Vogelstein é um professor e tradutor gaúcho fascinado por Edgar Allan Poe e, ao ser convidado para participar de um congresso sobre o escritor americano em Buenos Aires, parte para a capital argentina com a missão de ver de perto, pela primeira vez, um congresso literário com alguns de seus maiores ídolos, entre eles dois renomados comentadores da obra de Poe. Mas, como que por capricho do destino, Vogelstein encontra, no coquetel de abertura do congresso, sua maior referência (e ídolo) no mundo das letras – o poeta e escritor Jorge Luis Borges – mais um dos convidados do evento.
Um crime bárbaro, na mesma noite do coquetel, agita o evento e suspende o congresso, e Vogelstein, de repente, vê-se como um dos responsáveis por desvendar o crime ao lado de… Jorge Luis Borges. A coincidência e o dever satisfatório de encontrar-se com Borges durante as tardes em sua biblioteca apenas atiçam a necessidade de Vogelstein de desnudar, pouco a pouco, suas semelhanças e, naturalmente, sua deferência ante ao ícone que, entre chás e torradas, discute, lado a lado com seu maior admirador, o assassinato de Joachim Rotkopf, um dos eminentes críticos e palestrantes do congresso sobre a obra de Poe.

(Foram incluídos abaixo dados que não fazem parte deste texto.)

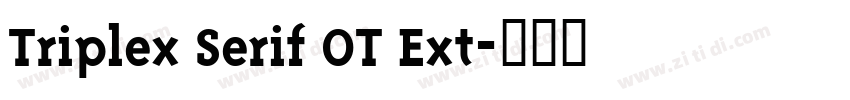 Triplex Serif OT Ext字体转换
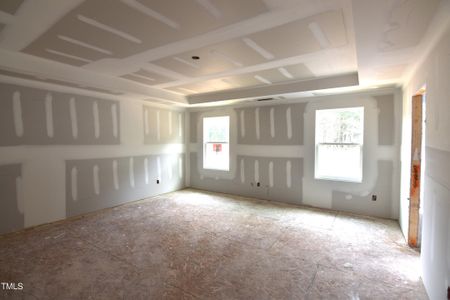 New construction Single-Family house 150 Spotted Bee Way, Louisburg, NC 27549 - photo 7 7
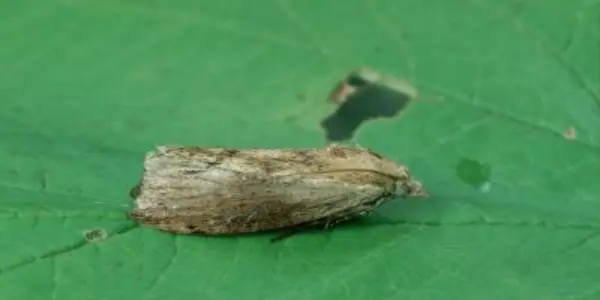Galleria Mellonella: At 300 KHz, Greater Wax Moth Is The World's Most 'Extreme Hearing' Animal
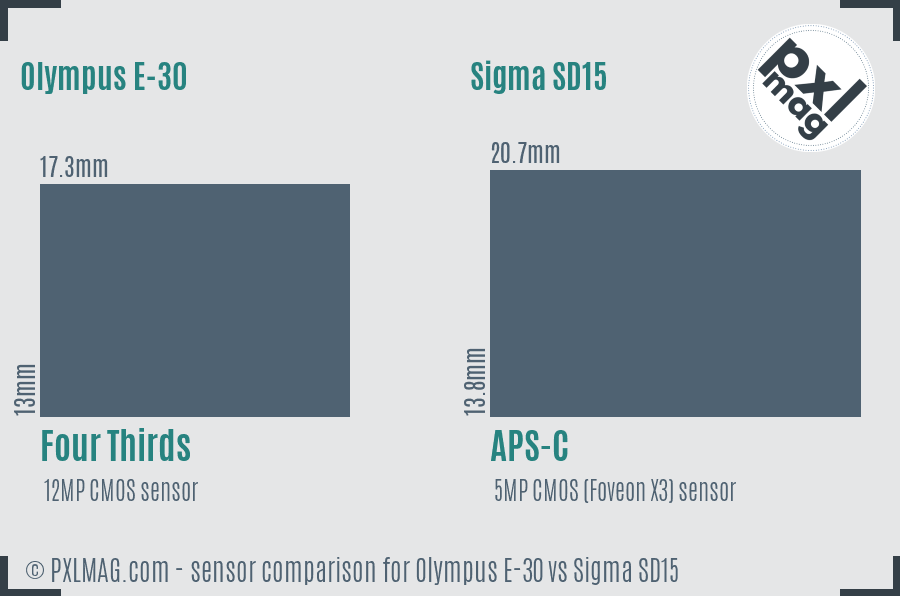 Olympus E-30 vs Sigma SD15 sensor size comparison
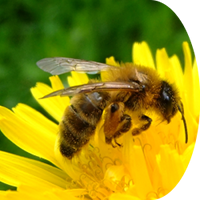 Bijenwerkgroep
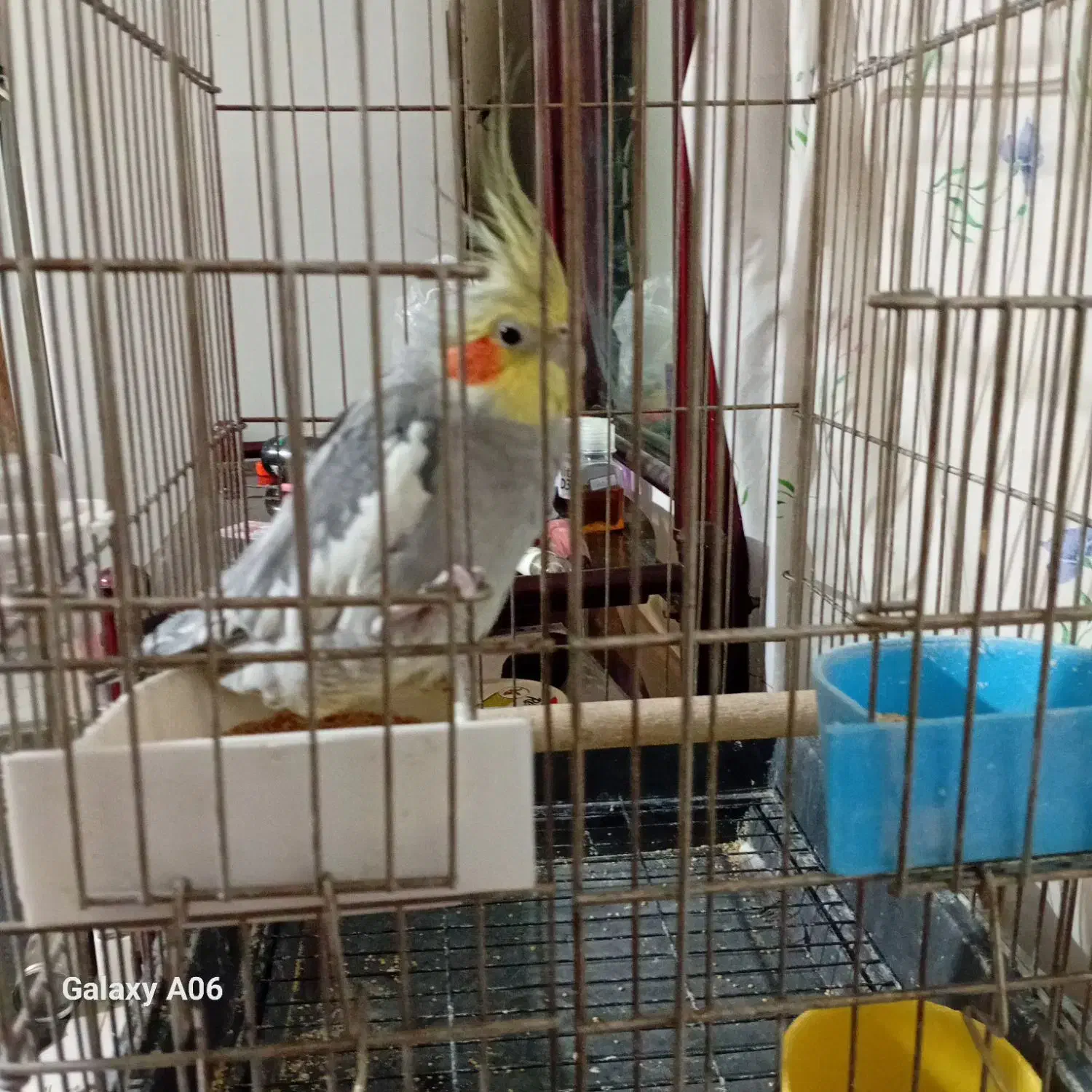 عروس هلندی سخنگو|پرنده|پردیس, فاز ۱۱|دیوار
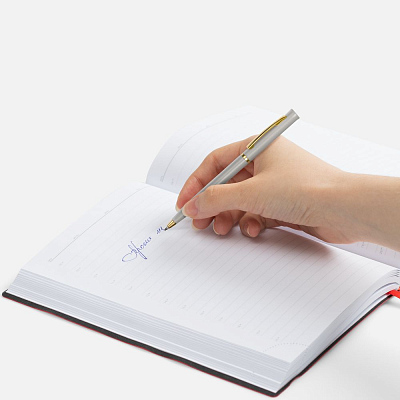 Ручка шариковая Euro Gold, серая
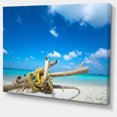 thumbnail image 2 of Deadwood on White Sand Beach, 2 of 3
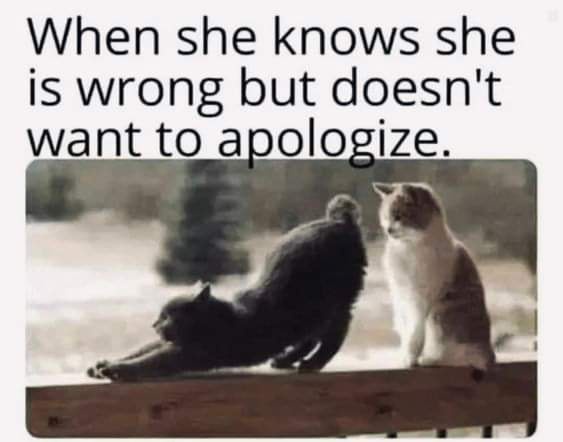 20 Memes That Are the Digital Equivalent of Free Therapy 17 When she knows shes wrong
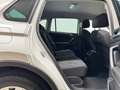 Volkswagen Tiguan 2,0 TDI 4Motion DSG / I.Q. LIGHT-MATRIX-LED/ AC... Weiß - thumbnail 34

Verissimo não aponta clichês nem constrói personagens que figurariam, a priori, em um catálogo de mocinhos e bandidos das histórias triviais de detetives. A missão, aqui, é comentar, ao seu modo, a missão do escritor; mais: seu papel frente aos acontecimentos e acasos do mundo. O escritor, antes de tudo, carece da necessidade de obter um papel regulador; uma visão parcial e opinativa que não tem a obrigação de soar crível para o leitor. E, assim, Verissimo envereda pelos sentidos das obras de dois ícones da literatura que, por dividirem a paixão pelo mistério, subtraem do cotidiano comum uma parcela representativa de fantasia, imaginação e paixão pelos livros.